Ésta es una crónica personal sobre la constitución del ayuntamiento de Madrid, pero podría servir para cualquier otro de los miles que se formaron ayer en España. En más de 50 ciudades y en numerosos pueblos donde ni siquiera hubo prensa, los ciudadanos indignados protestaron, coreando consignas similares a las que escuché en la calle Mayor: “Ayuntamiento, unta, untamiento”, “Mírala, ahí está, la cueva de Alí Babá”, o “Esas corbatas apestan a chorizo”.
Muchos han corrido a dar por enterrado el Movimiento 15M. No quieren ver que anuncia el principio de un largo ciclo insurreccional.
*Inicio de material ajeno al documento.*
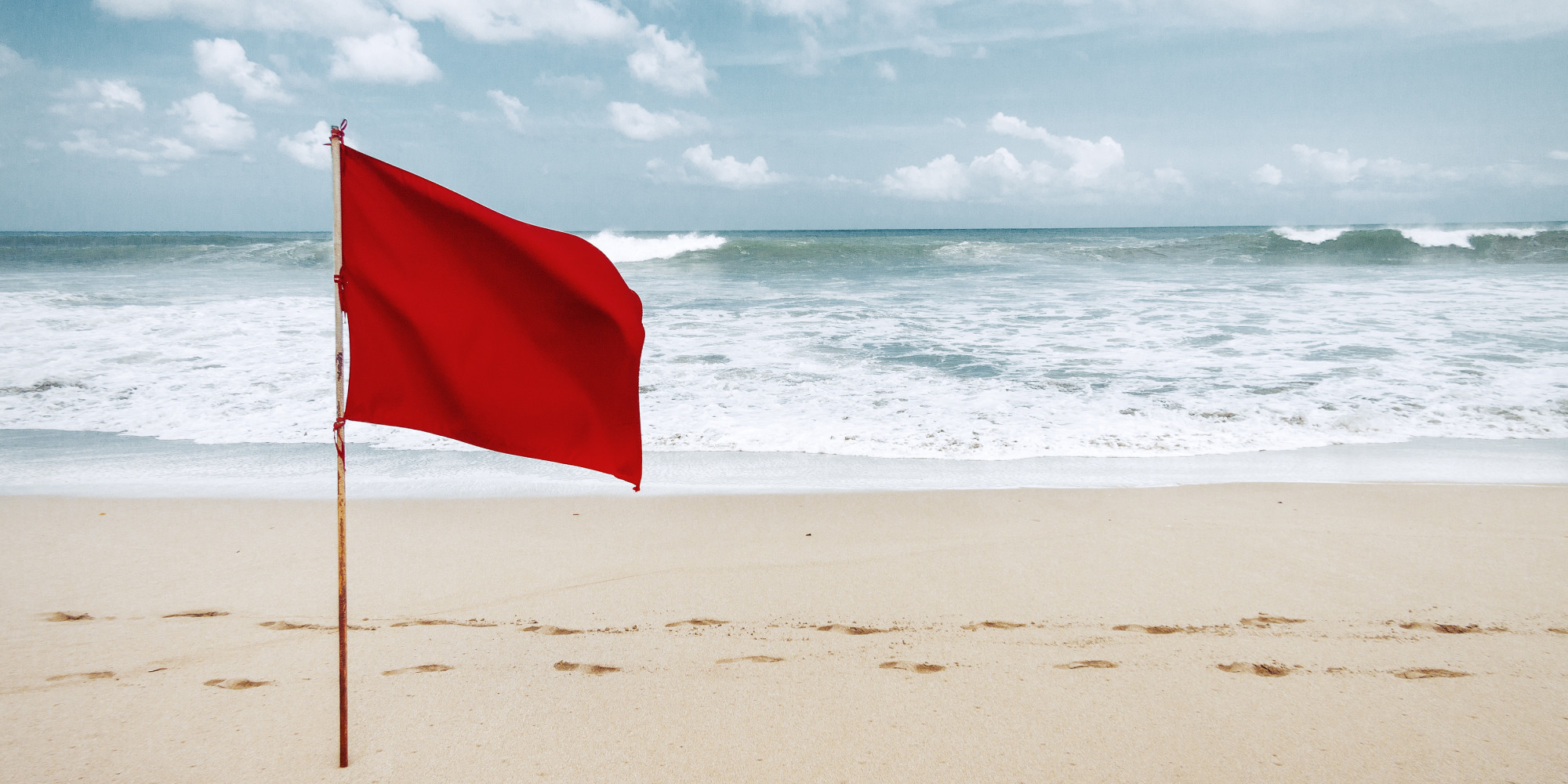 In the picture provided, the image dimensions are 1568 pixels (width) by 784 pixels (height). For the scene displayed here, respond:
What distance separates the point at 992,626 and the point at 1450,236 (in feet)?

No saben cómo encajarlo en sus esquemas y no están dispuestos a cambiar la cómoda mirada bipartidista sobre la política. Pero los ojos viejos inducen a cometer errores. Uno muy común es contar los manifestantes (a la baja, claro). Ignoran que no va con los indignados lo de fletar autobuses pagados con subvenciones para lograr una gran masa humana en Madrid, el centro del poder. Eso es cosa de los viejos mastodontes sindicales. En España se inventó, con la ocupación francesa, la guerra de guerrillas. Ayer los indignados crearon un nuevo tipo de manifestación: la mani de manillas. No se trata de lanzar un obús, sino fuego graneado, y replegarse. Ayer, mañana. Y pasado mañana otra vez. Y el 19J. Y así.
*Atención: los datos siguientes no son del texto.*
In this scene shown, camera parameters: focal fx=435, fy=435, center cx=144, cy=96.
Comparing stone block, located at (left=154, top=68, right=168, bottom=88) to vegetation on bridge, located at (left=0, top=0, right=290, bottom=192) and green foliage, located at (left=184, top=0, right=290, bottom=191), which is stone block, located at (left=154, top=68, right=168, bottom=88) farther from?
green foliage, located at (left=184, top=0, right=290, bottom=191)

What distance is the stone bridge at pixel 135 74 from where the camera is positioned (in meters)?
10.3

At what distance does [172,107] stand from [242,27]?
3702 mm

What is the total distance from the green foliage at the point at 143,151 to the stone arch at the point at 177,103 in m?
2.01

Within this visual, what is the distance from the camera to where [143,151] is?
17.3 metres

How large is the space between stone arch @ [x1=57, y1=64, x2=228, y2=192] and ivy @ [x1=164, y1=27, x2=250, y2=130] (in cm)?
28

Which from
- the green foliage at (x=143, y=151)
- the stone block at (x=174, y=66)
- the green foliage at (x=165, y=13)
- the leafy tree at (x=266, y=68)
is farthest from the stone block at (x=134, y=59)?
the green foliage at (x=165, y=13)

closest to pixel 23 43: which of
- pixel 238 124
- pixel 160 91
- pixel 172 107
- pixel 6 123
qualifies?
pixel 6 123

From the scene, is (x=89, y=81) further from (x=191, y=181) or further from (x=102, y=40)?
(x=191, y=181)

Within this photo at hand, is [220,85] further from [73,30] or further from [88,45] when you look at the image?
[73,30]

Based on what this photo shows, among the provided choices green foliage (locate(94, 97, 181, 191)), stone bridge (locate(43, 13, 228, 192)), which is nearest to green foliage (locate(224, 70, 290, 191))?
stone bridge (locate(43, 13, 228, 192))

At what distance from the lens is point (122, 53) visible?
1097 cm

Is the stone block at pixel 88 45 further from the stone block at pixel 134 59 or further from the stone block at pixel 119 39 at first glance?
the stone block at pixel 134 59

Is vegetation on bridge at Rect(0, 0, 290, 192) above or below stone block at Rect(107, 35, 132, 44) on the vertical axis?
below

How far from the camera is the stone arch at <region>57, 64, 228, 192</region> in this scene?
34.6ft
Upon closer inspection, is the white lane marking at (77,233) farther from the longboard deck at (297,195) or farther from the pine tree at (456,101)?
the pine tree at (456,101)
Otro error habitual –que volvió a repetirse ayer- consiste en subrayar el carácter ilegal de las concentraciones. Es el argumento de quienes van a restaurantes que disponen de aparcacoches en nómina, es decir, que tienen normalizada la ocupación ilegal de la doble fila para que ellos no se tomen molestias. Ayer, en la calle Mayor, mucho antes de que los policías se vistieran de siniestros antidisturbios, se me acercó un hombre y me dijo, señalando al cordón policial: “Te habrás fijado que ni uno de ellos lleva la placa de identificación, ¿no? Para que lo digas en las tertulias cuando hablan de la legalidad”. Dicho queda: los policías de ayer también eran ilegales. Espero que, entre regüeldo y regüeldo, los del restaurante tengan un recuerdo para el imperio de la ley.
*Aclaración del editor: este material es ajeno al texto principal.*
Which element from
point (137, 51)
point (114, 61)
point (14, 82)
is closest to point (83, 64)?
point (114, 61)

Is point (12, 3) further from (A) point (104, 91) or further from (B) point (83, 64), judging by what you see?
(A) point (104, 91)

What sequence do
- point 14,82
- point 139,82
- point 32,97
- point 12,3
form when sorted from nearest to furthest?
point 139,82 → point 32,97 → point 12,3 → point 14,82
Decía al principio que ésta es la crónica de la constitución de los ayuntamientos. Debería, pues, celebrar en negrita los nombres de preclaras personalidades y escribir con adjetivos solemnes acerca de un bastón de mando que cambió de manos. Debería encontrar sustantivos institucionales y una sintaxis canónica. Pero escribiría una crónica ritual, como lo es nuestra democracia autosatisfecha: una ceremonia en la que todo está decidido de antemano, para que los grandes partidos se repartan la tarta y dejen las migajas a la ciudadanía. En nombre de la ciudadanía, por supuesto. Pero esta crónica se escribe con las cacerolas de Argentina, las plazas de Egipto y las manos en alto de España. Lo de menos es el contenido de los gritos ante los ayuntamientos. Lo significativo es que el aullido que recorre el país decreta el fin del simulacro. El público irrumpe alegre en los escenarios donde se juega a representar al pueblo y dice que este espectáculo ya no es verosímil. Señores políticos, nadie cree ya su ritual. ¿Qué van a hacer?